MovieChat Forums > A Midsummer Night's Dream (1999) Discussion > Did anyone else feel sorry for Bottom?

Did anyone else feel sorry for Bottom?


When they poured the wine on top of him he just looked so sad I almost started crying that was sooo horrible. Poor thing. :'(

The Angel and the AntiChrist. Can't live without the other. DamienThornxSyrah-Celeste.

reply

I felt that way too, and he didn't even feel mad, just sad... what a interesting character.

reply

Yes I felt sorry. I was dumbfounded.

reply

What got to me was the fact he obviously felt so left out he had to show off in the obnoxious way he did. lotta people say Bottom was an ass but when u look at it his way it's difrent than that. He just wanted t
o be loved.
The Angel and the AntiChrist. Can't live without the other. DamienThornxSyrah-Celeste.

reply

To me, Nick Bottom was the best character of the film. I have not read the play for decades, but I had remembered him as a braggart boasting that he was able to perform every role in the play. The film seemed to have given an additional layer to his character that was either not intended by Shakespeare or I might have overlooked it. When the children poured wine on him, he realized that people were treating him as a joke. At that moment he saw the hurt look of his wife. Later when he returned home they locked eyes again but neither spoke. That was a very powerful scene, and really made me feel sad for him. It was clear that Bottom knew his life was sh*t and his wife looked upon him as a loser.

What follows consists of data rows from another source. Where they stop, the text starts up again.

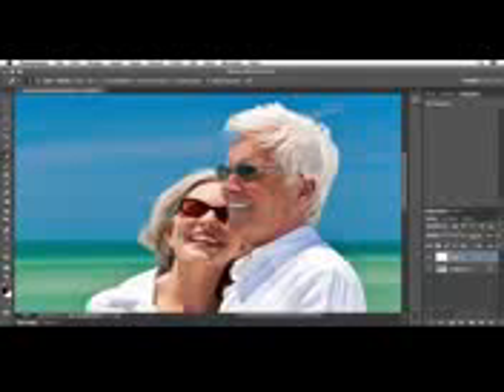I'll turn on Sample All Layers and then just draw right over this wrinkle, come up a little bit, draw over this one and this one too. You can see how it's starting to look a little bit odd without any wrinkles. That's why we're doing this on its own layer — I'm just trying to de-emphasize the wrinkles, not remove them altogether.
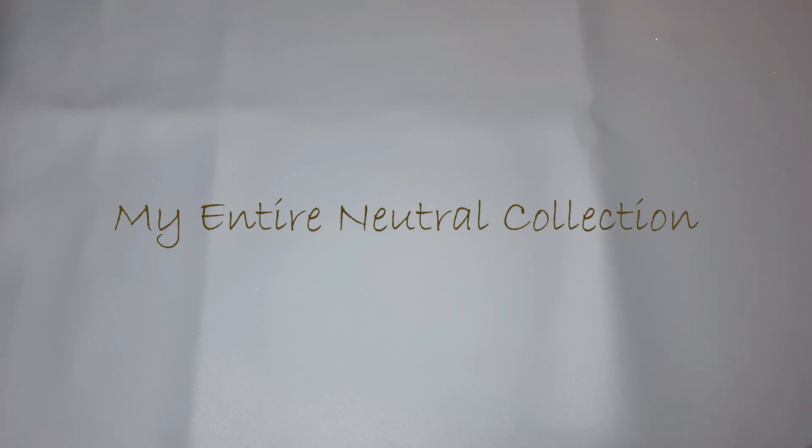Hey everyone, it's Suzanne. I'm back with another video and this is part of my color collection series where I'm showing my whole collection by color, because that's actually how I sort and store my polishes. Today the color we're going to be looking at is nude — so these are basically all my browns, all my nudes, all my not-fun colors I guess.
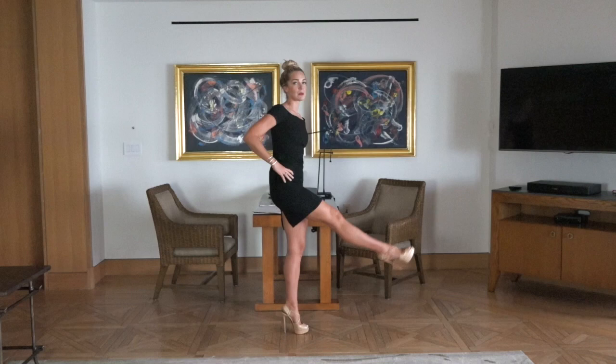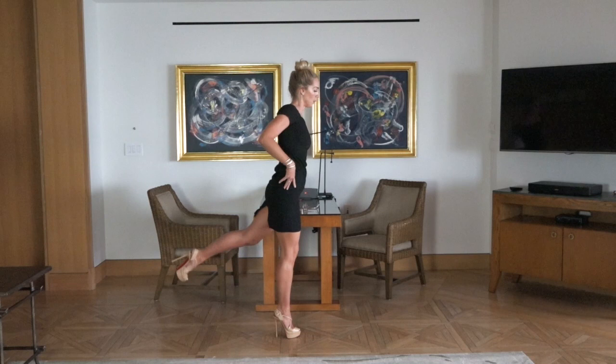Hand at your desk. Start to swing those legs. We just want to open up the pelvis. Switch it up. Nice.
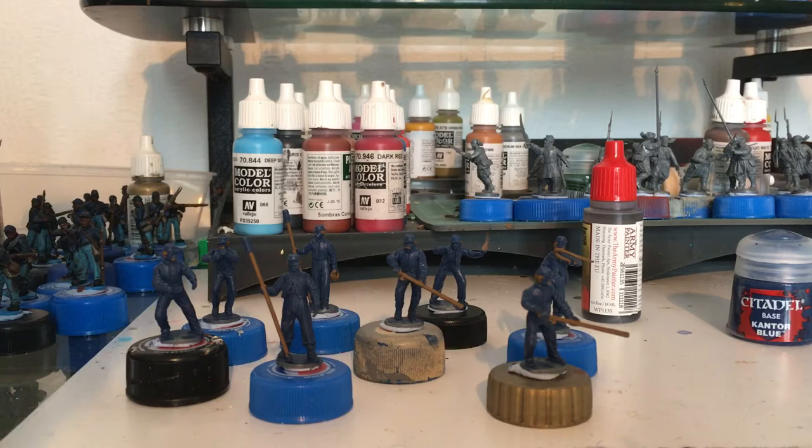The prime example of that is this Perry's Battle in a Box. I got this — must be over a year ago now. I glued everything together, took it to the club a couple of times, had a few games with it, and then it's just been sat in a box.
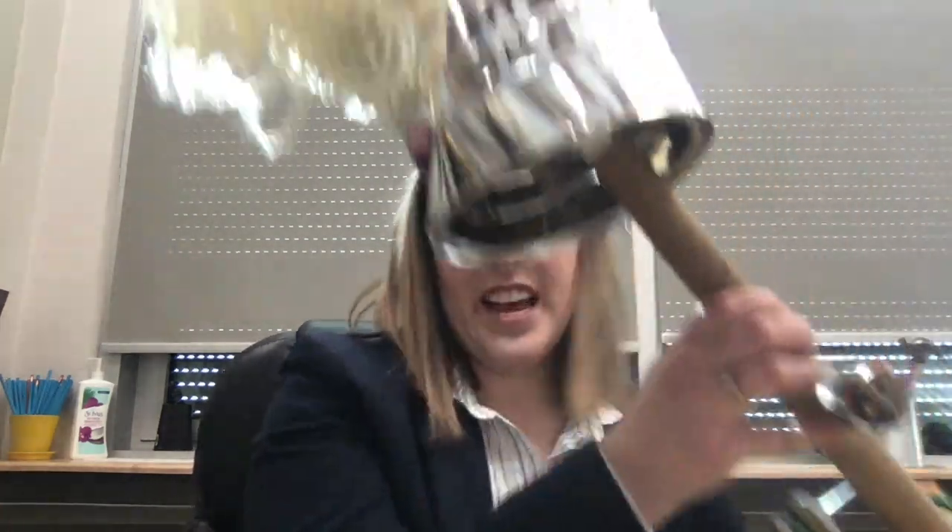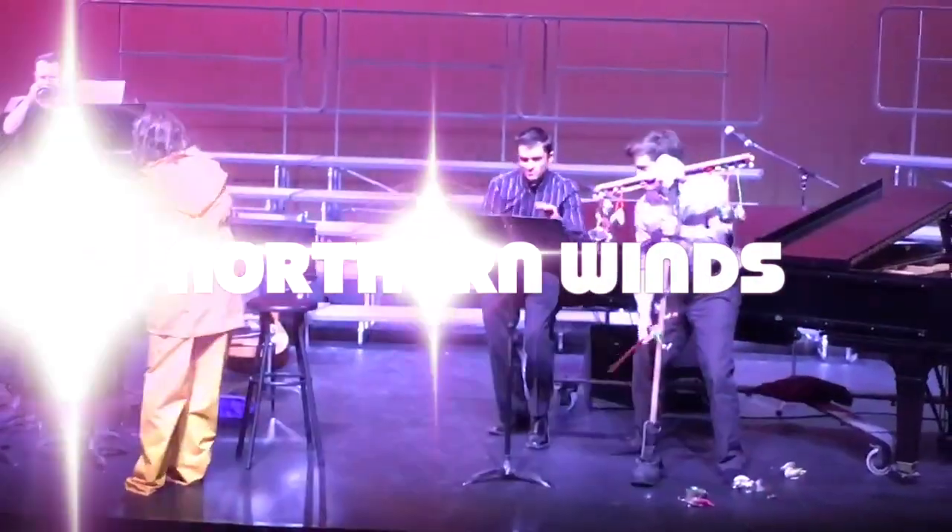Before we go, I'm going to show you the original performance of this ugly stick. The students ruined the head, so the tin can part is new this year. This ugly stick was actually created a couple of years ago for the Northern Winds Community Band — we were doing a Canadian folk song suite, and my percussionist played spoons and the ugly stick in concert band, and I dressed in full Newfoundland regalia. You can check out that video next.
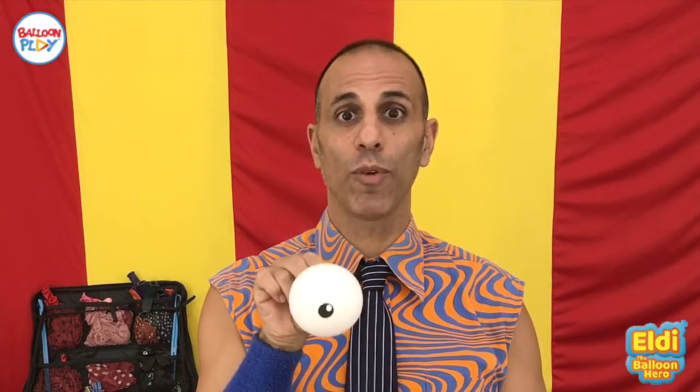What do I mean when I say top print? It means that the print is on top of the balloon, not on the side — on top of the balloon.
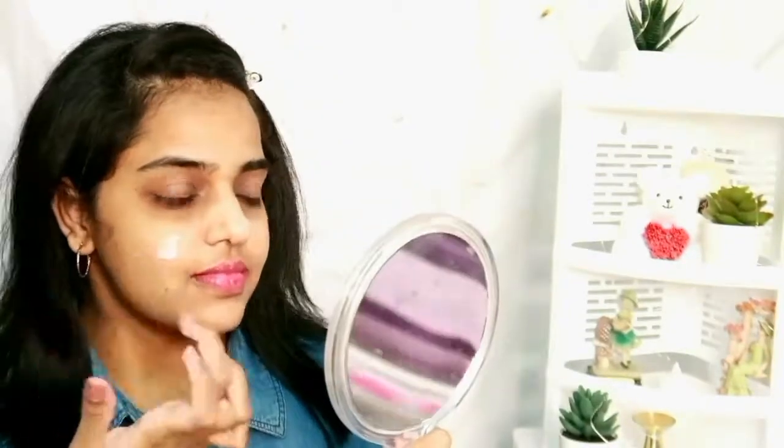First I'll secure my hair so it won't disturb our makeup look. For skincare, I'm going to use the Good Vibes argan oil face toner — leave it for around 15 seconds — and then I'm using the Good Vibes coconut face cream as a moisturizer. Since it's winter, I'm using a heavy cream to moisturize my face.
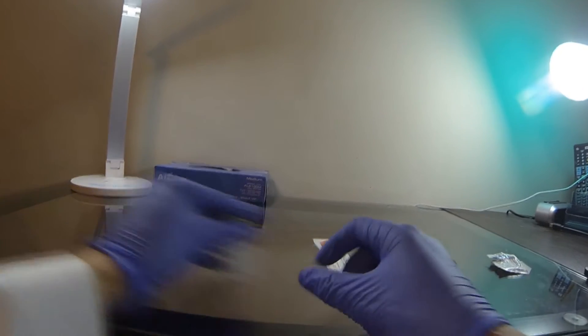First, pull off the cap of the solution bottle. Next, wipe the top with an alcohol swab. While waiting for this to air dry, take apart your syringe cap.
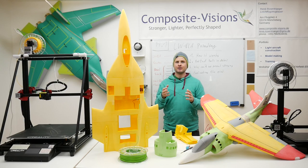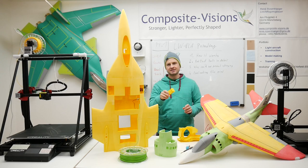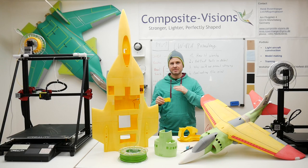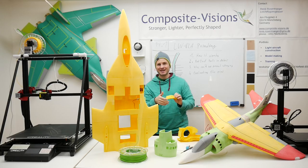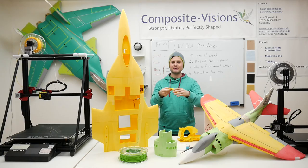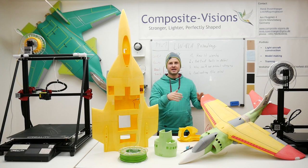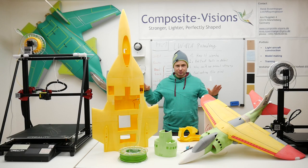One last thing that helps: print a test part and break it, then smell it. When it smells strongly chemical, you are way too hot. It should only smell lightly chemical. This part was too hot and smells really strong inside — because the part is hollow, the air stays in for days and weeks. You will even smell it while printing itself; if you have a small printing room and it starts smelling, your temperature is much too high. This won't give good results, and I think it's not even healthy.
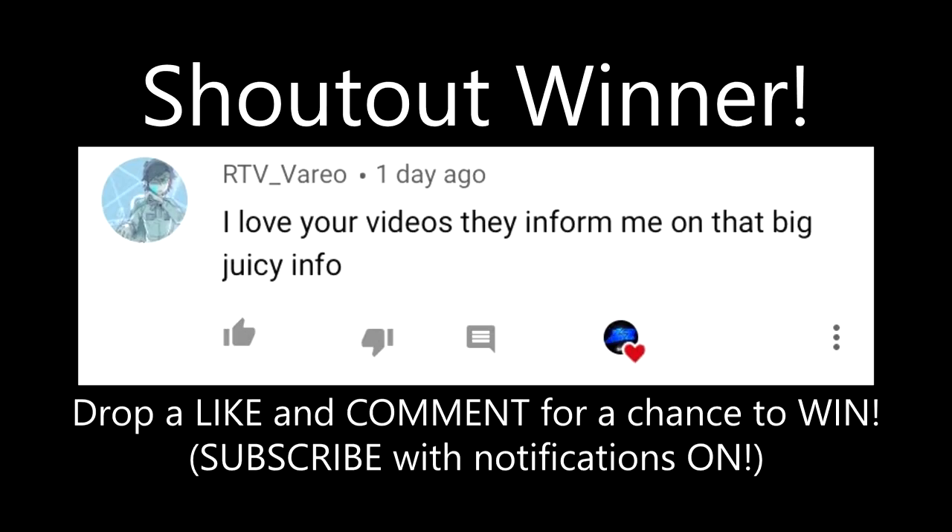Before the video starts, today's shoutout winner goes to RTV underscore Vario. If you guys want a chance to win a shoutout in the next video, drop a like and a comment down below, subscribe with notifications on, and I will pick somebody randomly that will be shouted out in my next video. I hope you guys enjoy.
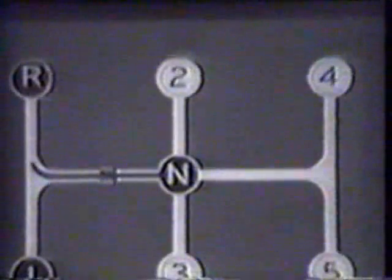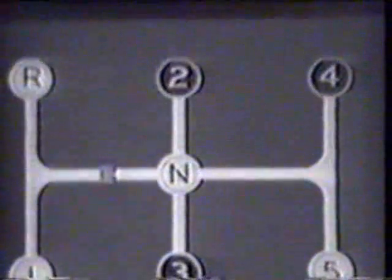This animated diagram shows the different gear shift positions. Reverse and first — a powerful pulling gear — are normally locked off from the others. Pressing the button on top of the gear shift lever permits the lever to enter either of these positions for shifting. For normal starting and driving, however, only gears two, three, four, and five are used.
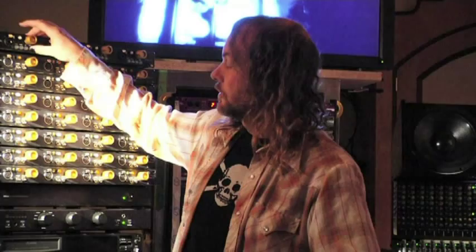So I think with these, we have a larger amount of headroom and we can relax a little bit when you're recording.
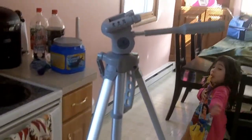Let me show you guys the tripod I got for Christmas. This is it, 66 inches high.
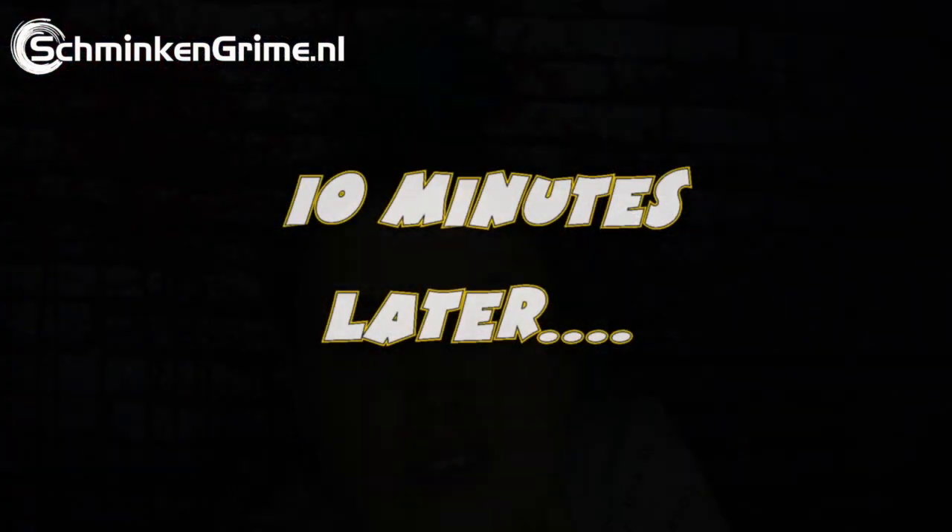I'm gonna turn off the camera and prepare a little bit. I need my skin glues, my contact lens fluid, my liquid latex, some blood, and some other things. I'll be right back and then we're gonna start with the tutorial. See you soon!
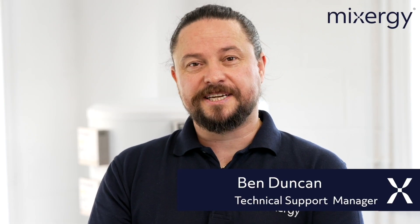Hi everybody, I'm Ben from Mixergy and I'm here today to present a few videos on the installation of the Mixergy smart hot water cylinder. If you're watching this video you're one of our approved installers who's been commissioned to install a tank to a customer's property. Please remember if you are installing the tank as an unvented system you are going to need your G3 unvented qualification. To ease the commissioning process please download our Mixergy installer app — this will also grant you some Mixergy installer benefits.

Then for one night in the forest, he was the center of affection of the queen of the faeries, and for a brief moment he was made to feel important - that he never felt before. When he woke, he only half-remembered what had happened and like the two couples, he was not even sure that it was not a dream. But he found a small ring that looked like the faery queen's crown.

Then at the end of the scene, he looked at the fireflies and they again reminded him of the previous night. His eyes transfixed on one that glowed especially bright and imagined it to be the queen of the faeries. Or perhaps it was really the queen? I think that was one of the most poignant scenes in the film.

reply

I agree. He does not have this much debt in the play. And the fact is that the movie wrote in his disapproving wife, who does not appear in the play, for no other reason than to give him more debt. His journey in this movie ends up being the best of the lot, and it was never (I dare say) the intention of William to make him appear more than a fool. But the movie did the character right.